# Problem mit HP Ansicht in versch. Explor.



## RavenHawk (17. März 2003)

Hi Leutz,
ich habe folgendes Problem:
Ich benutze 3 versch. Explorer (Internetexplorer, Mozilla, Opera)

Allerdings wird ein und dieselbe HP anders angezeigt:

mozilla 

Internetexplorer 

Opera

Wie bekomme ich es hin, dass die HP überall gleich aussieht?

Gruß Raven


----------



## Paradizogeeko (17. März 2003)

ganz starke Bilder:

You do not have access to this document 

solltest vielleicht mal ein anderen Server nehmen oder dir-listening oder son Kram ausmachen


----------



## RavenHawk (17. März 2003)

nun müssts gehen! 

http://bratwurst.ionichost.com/index.html


----------



## d4k4 (18. März 2003)

vieleicht solltest du das css weglassen?


----------



## Paradizogeeko (18. März 2003)

Joa, das Problem kenn ich.
Also mit dem Border unten musste dich mit abfinden.
Und was dieses gelben Streifen angeht, was soll das sein ??
Is das auch ein Border ?

Also so weit ich weiss macht opera zB einen unterschied zwischen einem in *.css definiertem  border und einem in dem <table>-Tag definiertem.

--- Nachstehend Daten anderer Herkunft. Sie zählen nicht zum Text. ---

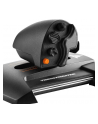 Przepustnica Thrustmaster TWCS Throttle PC - nr 72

Probier mal den border im table tag mit <table style=""> zu definieren...


----------



## RavenHawk (18. März 2003)

Also ganz erlich,
die Internet Explorer - Ansicht find ich am besten, aber der is mir zu unsicher!


----------



## RavenHawk (18. März 2003)

Hat sich erledigt, muss dann wohl damit auskommen wie es ist )
Thx all


----------